Looking for ways to ramp up your retirement savings plan? Here’s an easy one to consider. Carve out an extra $150 from your budget to increase your 401(k) contributions. Then, invest the money in a solid mutual fund that gives you exposure to the largest publicly traded companies. Stick with that program for long enough and it could add $350,000 or more to your nest egg balance at retirement.
The most popular mutual fund among 401(k) investors today is the Vanguard Institutional Index Fund (NASDAQMUTFUND:VINIX), according to a Brightscope report compiled for business publisher Kiplinger. The fund seeks to track the performance of the S&P 500 index, a basket of the largest 500 or so public companies in the U.S., including Apple, Microsoft, Amazon, Alphabet, Facebook, and Berkshire Hathaway. Over the last 10 years, that basket of companies has grown, on average, 13.74% per year. Over the same time period, the Vanguard fund has produced annual returns of 13.71% for its shareholders.
VINIX is one of many mutual funds that tracks the S&P 500 index. If you don’t have access to this fund in your 401(k), you likely have access to one of its competitors. In that case, look for a fund with a low expense ratio and a history of returns that are just a shade off the index being tracked. These two factors are related. Generally, the variance between an index’s returns and the returns of a fund tracking that index is largely related to expenses. You can see this dynamic with the Vanguard fund; its expense ratio is 0.035% and its performance tracks closely to the underlying index. At the opposite end of the spectrum is the Rydex S&P 500 Fund (NASDAQMUTFUND:RYSPX), which has an expense ratio of 1.68% and lower 10-year average returns of 11.7%.
The power of increased contributions
Now, on to how VINIX or a similar S&P 500 index fund can improve your balance sheet at retirement. The wealth you can build is a function of how much you invest, for how long, and at what rate of return. The rate of return is the obvious wildcard in that equation. One starting point is the fund’s historic returns. History doesn’t predict the future, but it can tell you how well an S&P 500 index fund has achieved its objective of matching the index’s performance. If the fund has historically moved in lockstep with the index, you can set your expectations with long-term market returns.

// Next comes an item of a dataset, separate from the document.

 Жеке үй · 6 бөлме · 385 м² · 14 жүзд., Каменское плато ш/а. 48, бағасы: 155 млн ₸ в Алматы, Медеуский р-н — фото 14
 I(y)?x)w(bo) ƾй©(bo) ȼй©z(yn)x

VINIX’s 10-year returns of 13.71%, for example, are fabulous — though possibly not realistic over longer time periods. The fund’s 30-year growth rate of 10% is a more conservative starting point, mostly because it aligns with the long-term average growth rate of the stock market before inflation. Knock off 2% to account for inflation and that gets you to a projected annual real return of 8%.

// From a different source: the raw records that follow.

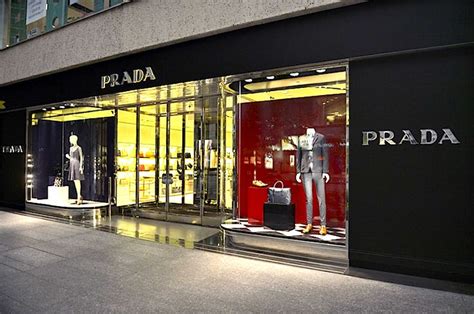 prada mumbai|baccd prada toronto.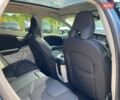 Синій Вольво V40, об'ємом двигуна 1.56 л та пробігом 97 тис. км за 12900 $, фото 23 на Automoto.ua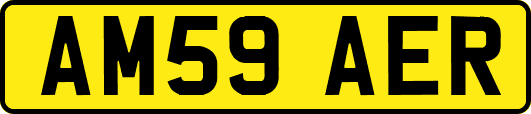 AM59AER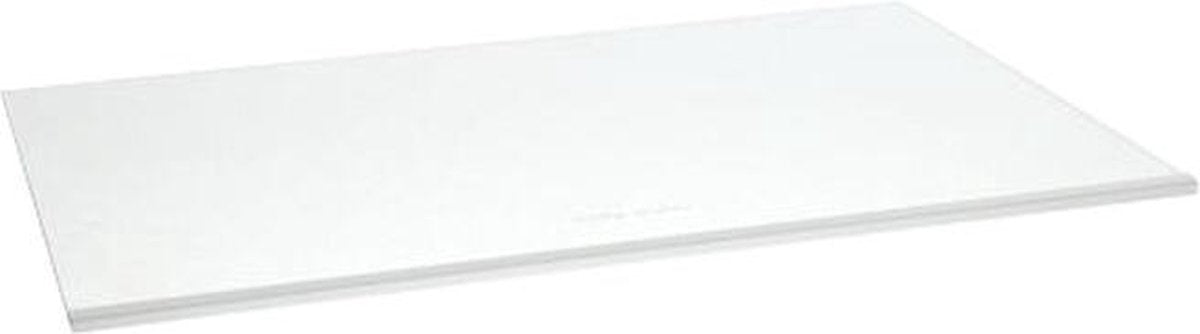 BOSCH - Plaat - 00675081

The table below shows the monthly contributions required to reach $350,000, based on an 8% growth rate and various retirement timelines.

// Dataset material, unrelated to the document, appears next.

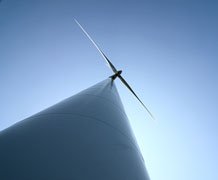 Turbine_shutterstock main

Years Until Retirement | Monthly Contribution | Balance at Retirement | Cumulative Out-of-Pocket Contributions |
---|---|---|---|
10 | $1,900 | $351,815 | $228,000 |
15 | $1,000 | $349,345 | $180,000 |
20 | $600 | $356,368 | $144,000 |
25 | $365 | $349,803 | $109,500 |
30 | $235 | $352,804 | $84,600 |
35 | $150 | $346,526 | $63,000 |
40 | $100 | $351,528 | $48,000 |
As you can see, when you have 35 or 40 years on your side, it’s possible to add $350,000 to your retirement savings balance with an extra contribution of $150 or less. The shorter your timeline, though, the more you have to contribute monthly to reach that $350,000 number. Also take note of how the cumulative out-of-pocket contributions vary based on the years you have to save. Raise your contribution early enough and you can keep your out-of-pocket costs low by relying on compound earnings to triple, quadruple, or quintuple your money over time.
Don’t wait to save
Even a modest increase to your 401(k) contributions today can make a sizable difference in your retirement savings balance tomorrow. Put those extra dollars into a low-cost index fund and let time work its magic on your balance.